* [Aim of the task] What is needed is an exact copy of the whole listing below, with no pictures.
##############################
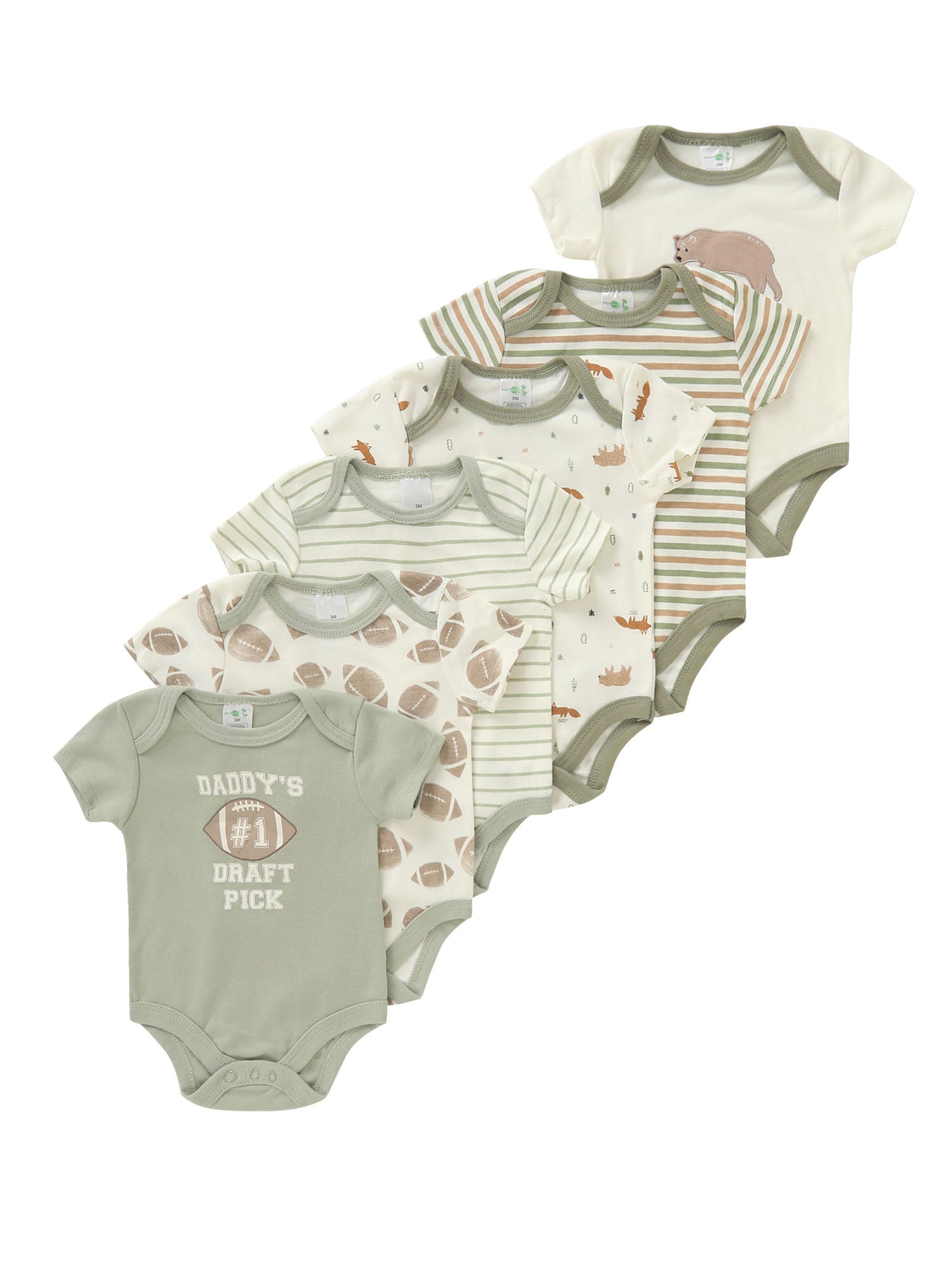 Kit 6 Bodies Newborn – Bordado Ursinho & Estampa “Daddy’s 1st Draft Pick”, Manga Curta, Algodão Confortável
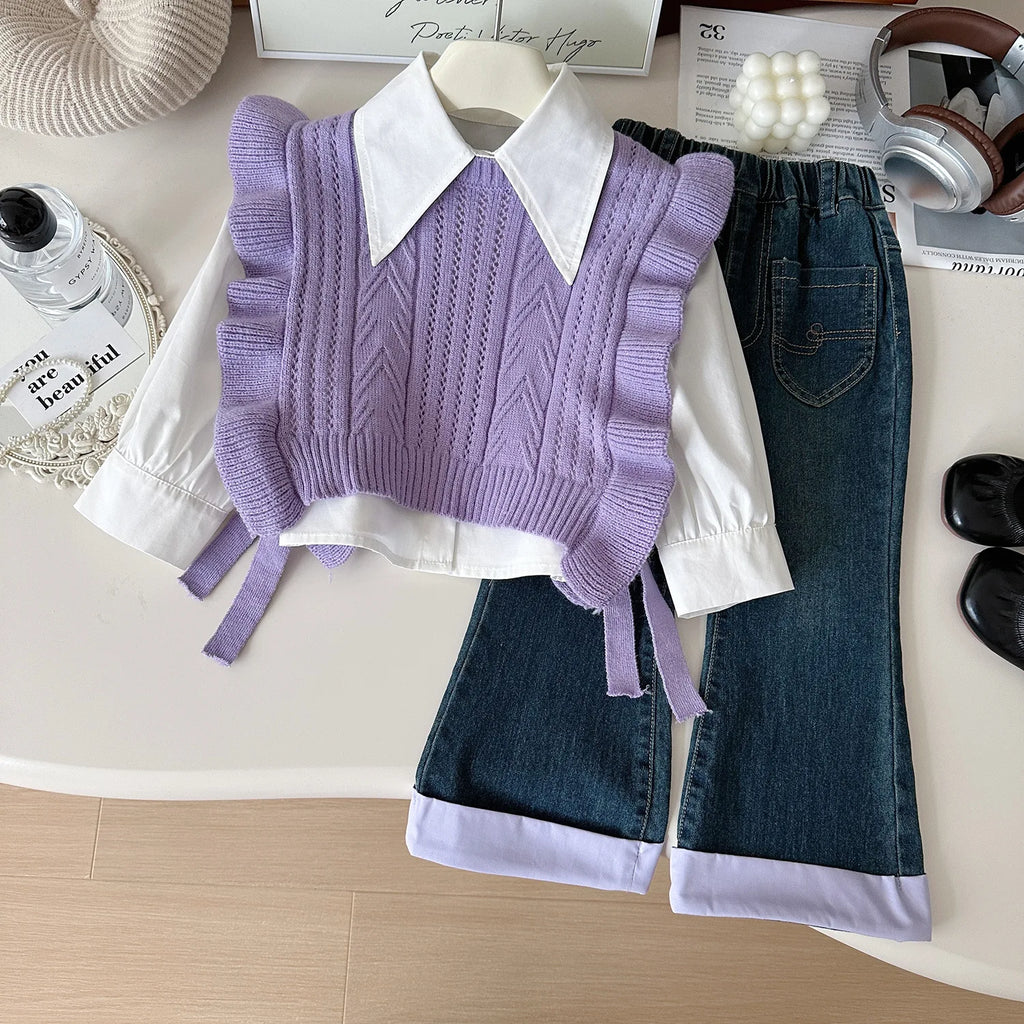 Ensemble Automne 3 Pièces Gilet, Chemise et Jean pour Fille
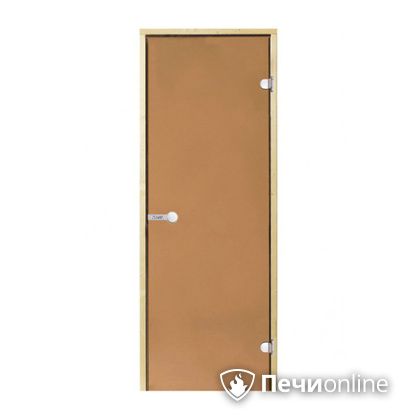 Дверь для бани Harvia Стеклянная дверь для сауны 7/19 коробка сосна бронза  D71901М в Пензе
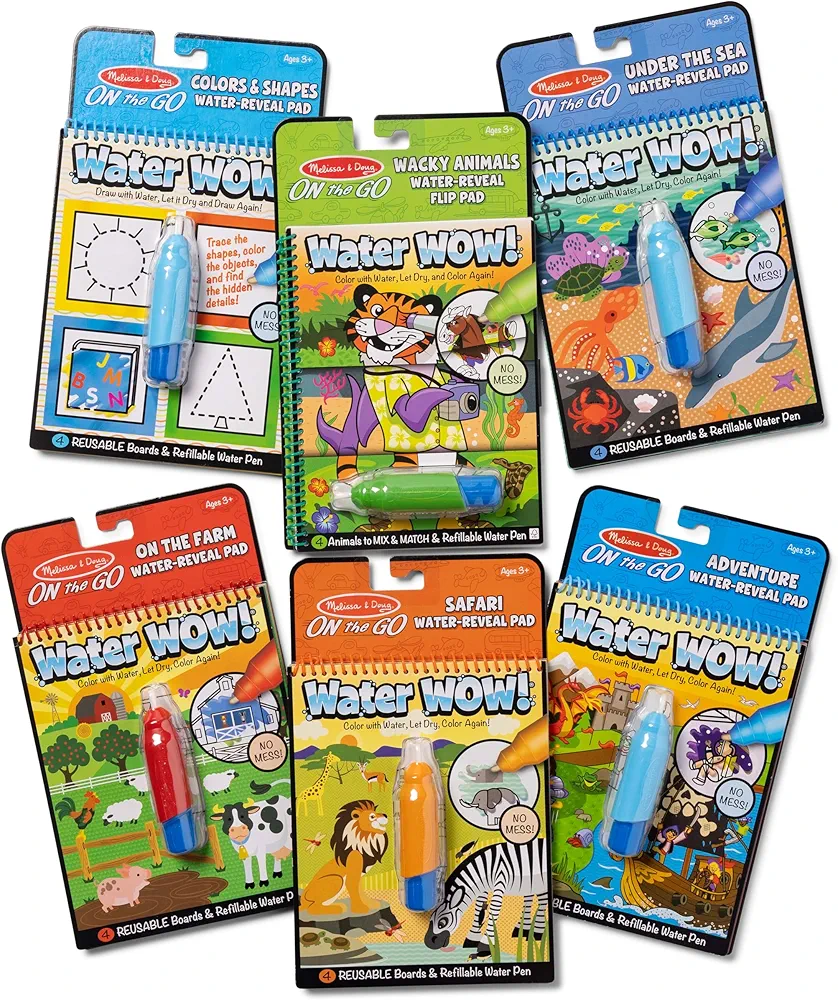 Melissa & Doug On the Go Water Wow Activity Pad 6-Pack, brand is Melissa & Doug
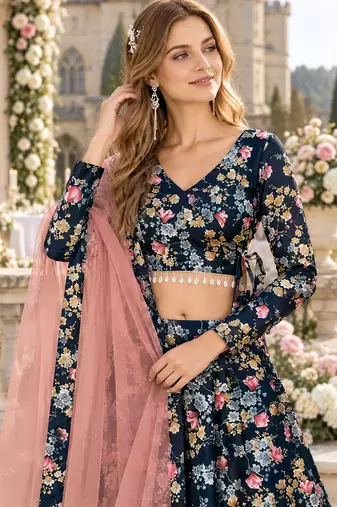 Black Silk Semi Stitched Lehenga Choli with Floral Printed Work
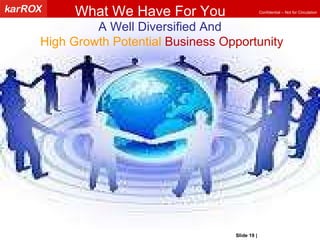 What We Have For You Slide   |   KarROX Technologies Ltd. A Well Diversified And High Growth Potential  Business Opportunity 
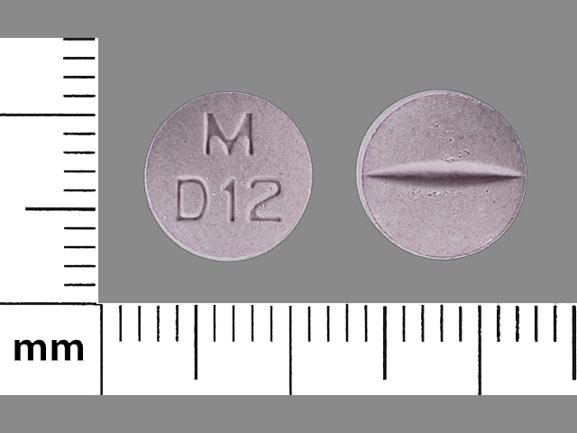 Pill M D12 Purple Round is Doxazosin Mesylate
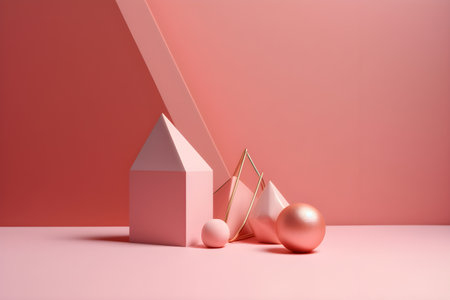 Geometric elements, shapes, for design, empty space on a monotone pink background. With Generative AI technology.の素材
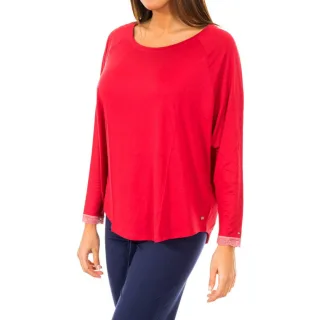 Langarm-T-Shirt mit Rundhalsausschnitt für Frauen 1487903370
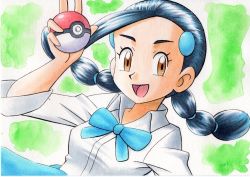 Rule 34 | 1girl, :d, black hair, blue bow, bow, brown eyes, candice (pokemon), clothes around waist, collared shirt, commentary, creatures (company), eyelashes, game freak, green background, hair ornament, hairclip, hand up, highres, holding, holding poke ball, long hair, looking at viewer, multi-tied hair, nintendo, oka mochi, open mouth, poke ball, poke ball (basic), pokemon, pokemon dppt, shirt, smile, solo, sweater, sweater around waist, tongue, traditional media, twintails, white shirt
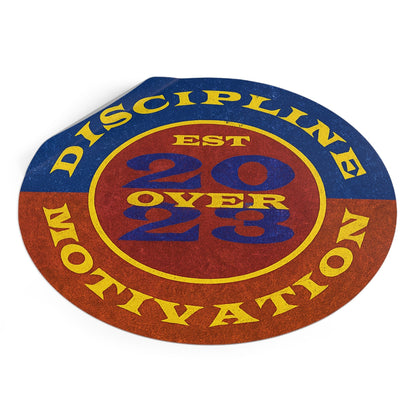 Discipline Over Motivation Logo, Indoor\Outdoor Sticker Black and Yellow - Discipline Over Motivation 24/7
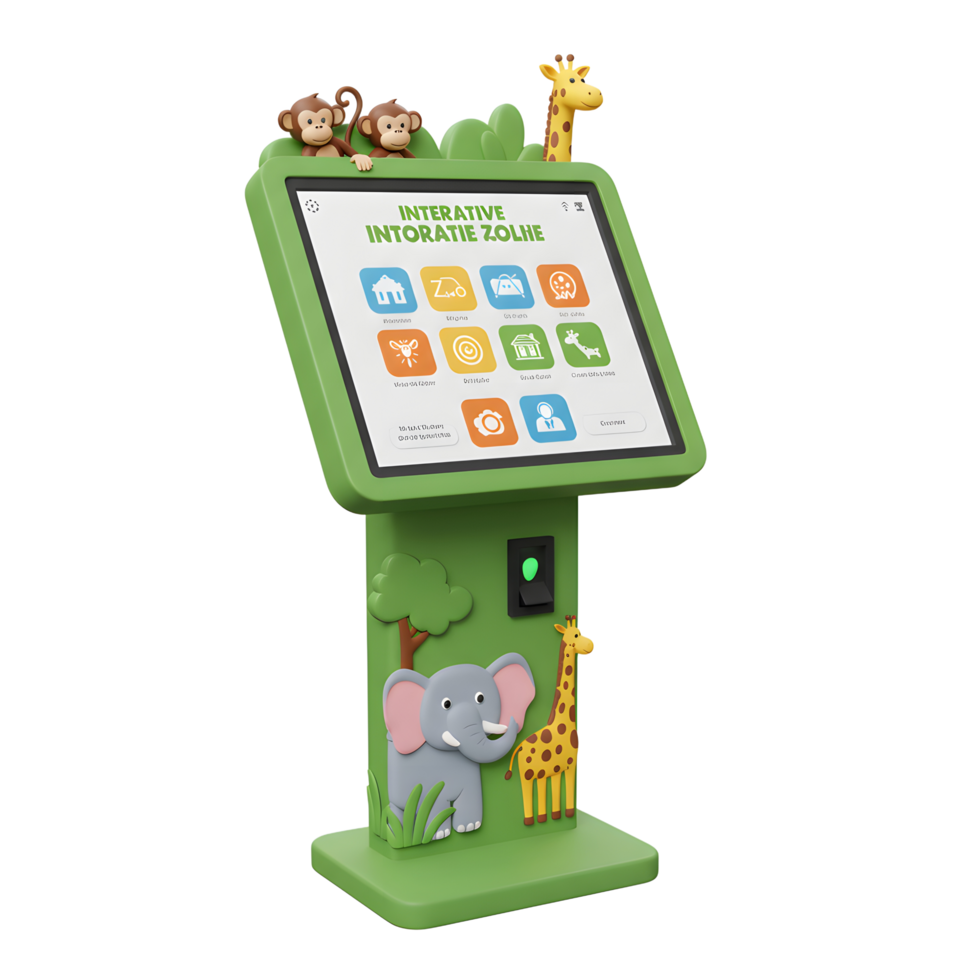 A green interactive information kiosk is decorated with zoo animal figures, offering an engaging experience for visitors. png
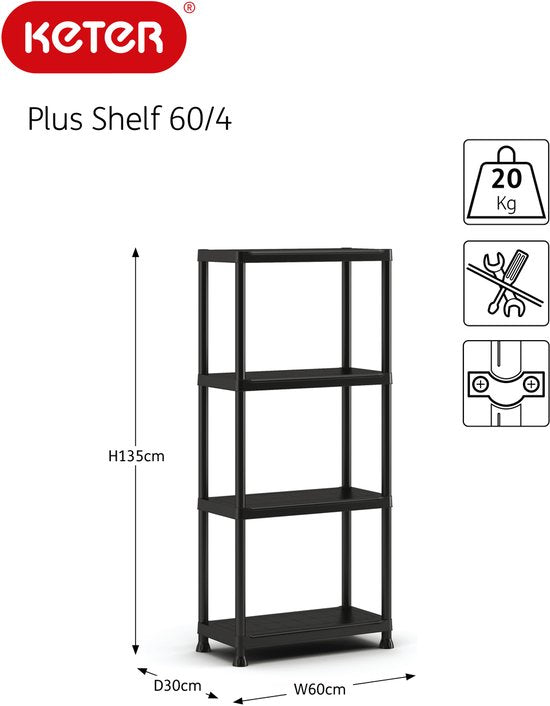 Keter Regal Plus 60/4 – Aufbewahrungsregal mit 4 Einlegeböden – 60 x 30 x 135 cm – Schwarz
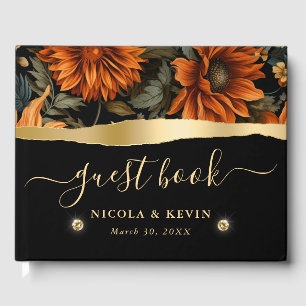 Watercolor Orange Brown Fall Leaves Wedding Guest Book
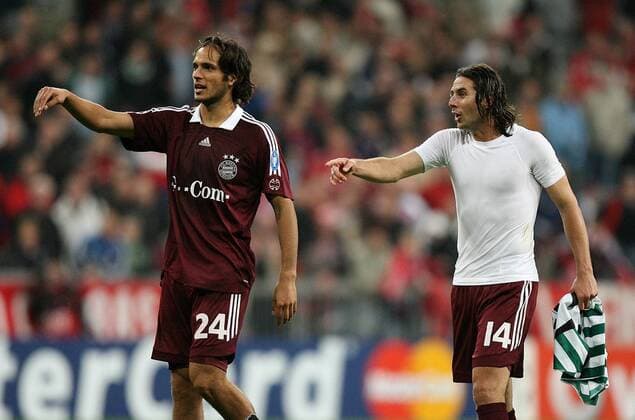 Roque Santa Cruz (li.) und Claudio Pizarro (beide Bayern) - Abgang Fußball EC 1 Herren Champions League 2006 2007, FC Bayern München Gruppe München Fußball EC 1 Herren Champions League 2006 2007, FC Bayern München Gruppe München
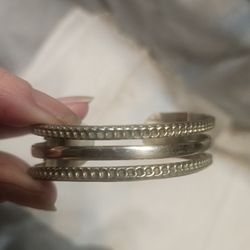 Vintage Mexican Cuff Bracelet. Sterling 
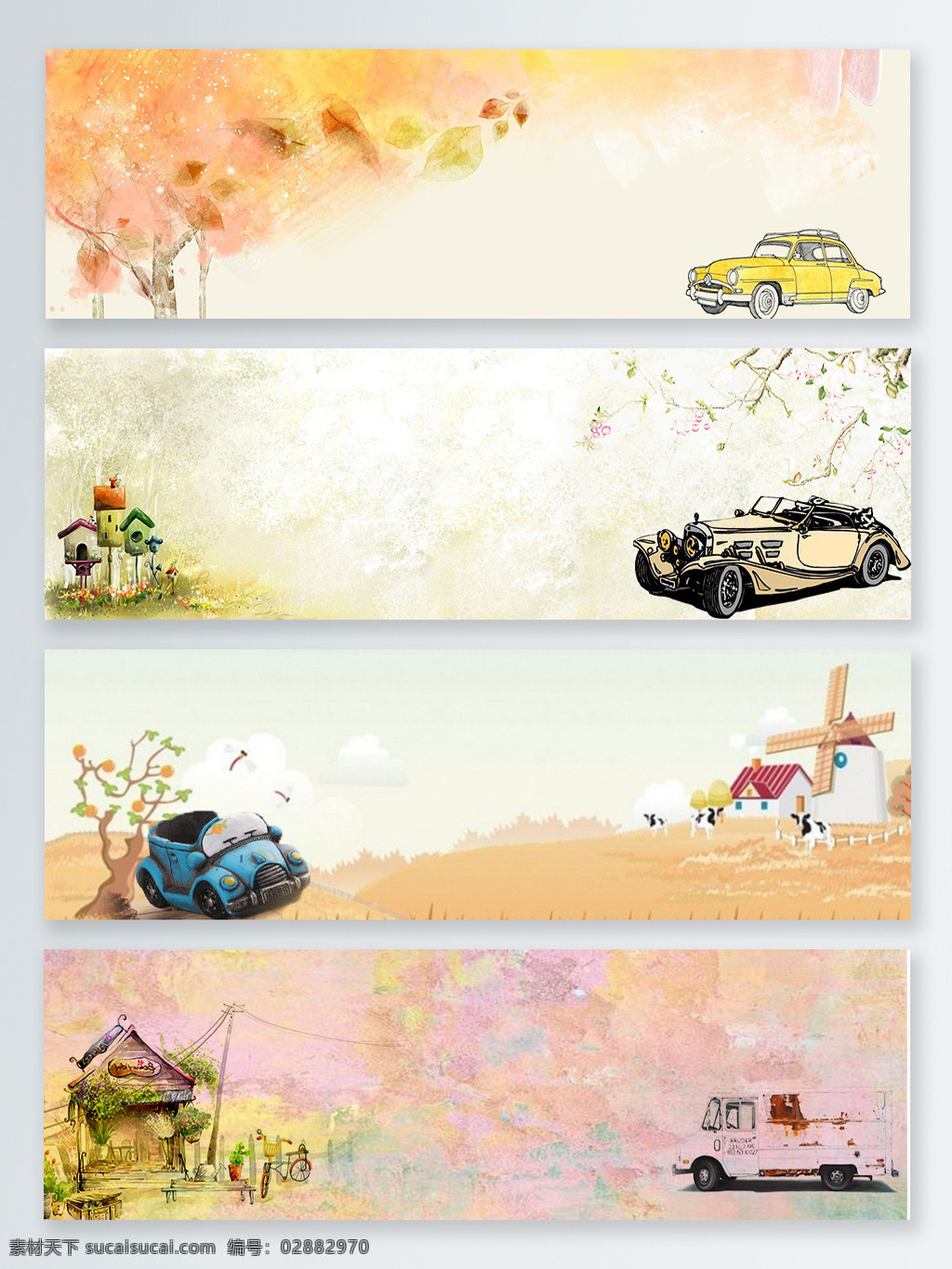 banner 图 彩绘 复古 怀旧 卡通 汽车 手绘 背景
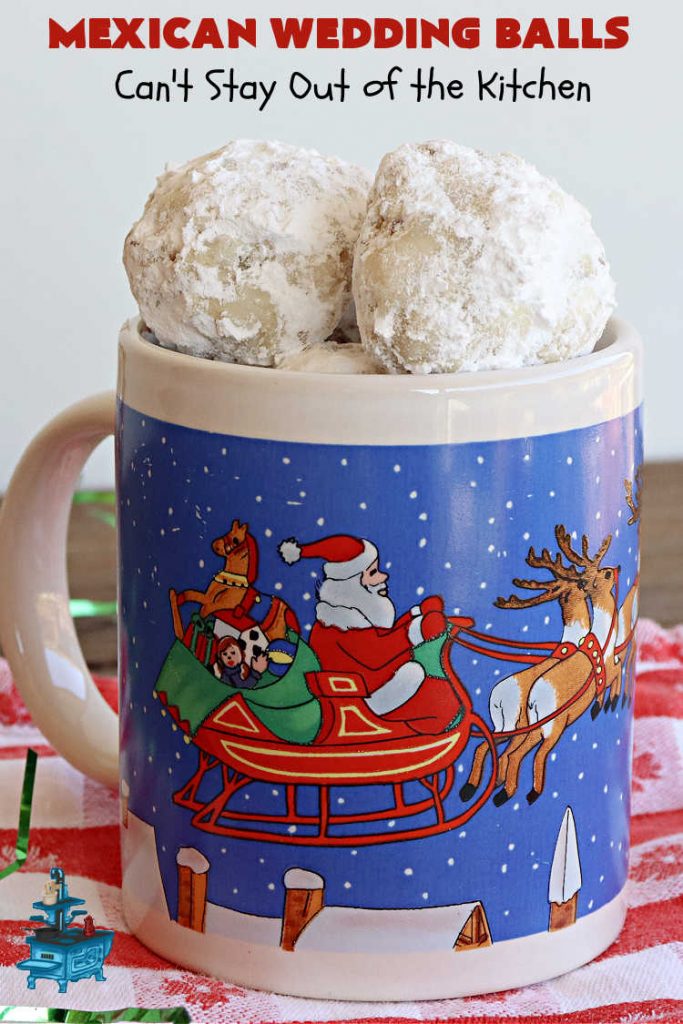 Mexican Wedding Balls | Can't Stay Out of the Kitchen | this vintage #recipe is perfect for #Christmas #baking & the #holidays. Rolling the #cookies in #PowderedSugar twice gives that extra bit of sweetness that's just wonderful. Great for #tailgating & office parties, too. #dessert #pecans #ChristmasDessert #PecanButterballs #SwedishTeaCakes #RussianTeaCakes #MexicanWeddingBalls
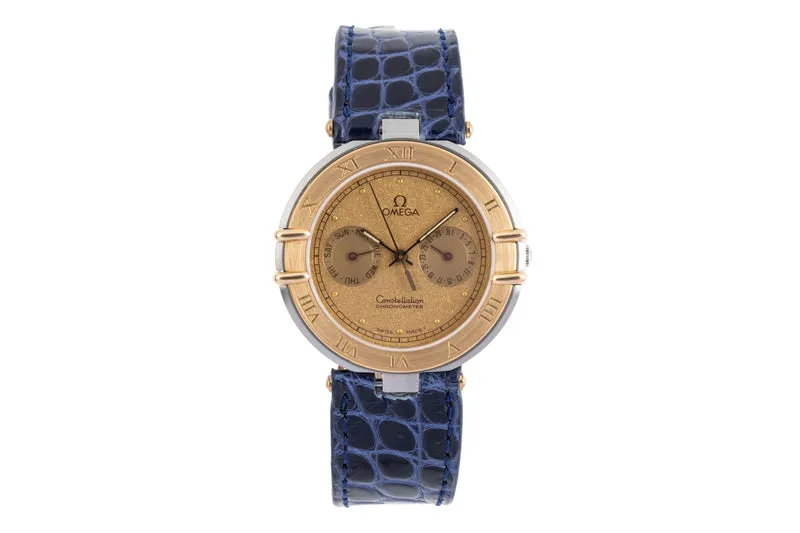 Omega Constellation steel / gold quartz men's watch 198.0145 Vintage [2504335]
##############################
* [Result of this task]
 Kit 6 Bodies Newborn – Bordado Ursinho & Estampa “Daddy’s 1st Draft Pick”, Manga Curta, Algodão Confortável
 Ensemble Automne 3 Pièces Gilet, Chemise et Jean pour Fille
 Дверь для бани Harvia Стеклянная дверь для сауны 7/19 коробка сосна бронза  D71901М в Пензе
 Melissa & Doug On the Go Water Wow Activity Pad 6-Pack, brand is Melissa & Doug
 Black Silk Semi Stitched Lehenga Choli with Floral Printed Work
 What We Have For You Slide   |   KarROX Technologies Ltd. A Well Diversified And High Growth Potential  Business Opportunity 
 Pill M D12 Purple Round is Doxazosin Mesylate
 Geometric elements, shapes, for design, empty space on a monotone pink background. With Generative AI technology.の素材
 Langarm-T-Shirt mit Rundhalsausschnitt für Frauen 1487903370
 Rule 34 | 1girl, :d, black hair, blue bow, bow, brown eyes, candice (pokemon), clothes around waist, collared shirt, commentary, creatures (company), eyelashes, game freak, green background, hair ornament, hairclip, hand up, highres, holding, holding poke ball, long hair, looking at viewer, multi-tied hair, nintendo, oka mochi, open mouth, poke ball, poke ball (basic), pokemon, pokemon dppt, shirt, smile, solo, sweater, sweater around waist, tongue, traditional media, twintails, white shirt
 Discipline Over Motivation Logo, Indoor\Outdoor Sticker Black and Yellow - Discipline Over Motivation 24/7
 A green interactive information kiosk is decorated with zoo animal figures, offering an engaging experience for visitors. png
 Keter Regal Plus 60/4 – Aufbewahrungsregal mit 4 Einlegeböden – 60 x 30 x 135 cm – Schwarz
 Watercolor Orange Brown Fall Leaves Wedding Guest Book
 Roque Santa Cruz (li.) und Claudio Pizarro (beide Bayern) - Abgang Fußball EC 1 Herren Champions League 2006 2007, FC Bayern München Gruppe München Fußball EC 1 Herren Champions League 2006 2007, FC Bayern München Gruppe München
 Vintage Mexican Cuff Bracelet. Sterling 
 banner 图 彩绘 复古 怀旧 卡通 汽车 手绘 背景
 Mexican Wedding Balls | Can't Stay Out of the Kitchen | this vintage #recipe is perfect for #Christmas #baking & the #holidays. Rolling the #cookies in #PowderedSugar twice gives that extra bit of sweetness that's just wonderful. Great for #tailgating & office parties, too. #dessert #pecans #ChristmasDessert #PecanButterballs #SwedishTeaCakes #RussianTeaCakes #MexicanWeddingBalls
 Omega Constellation steel / gold quartz men's watch 198.0145 Vintage [2504335]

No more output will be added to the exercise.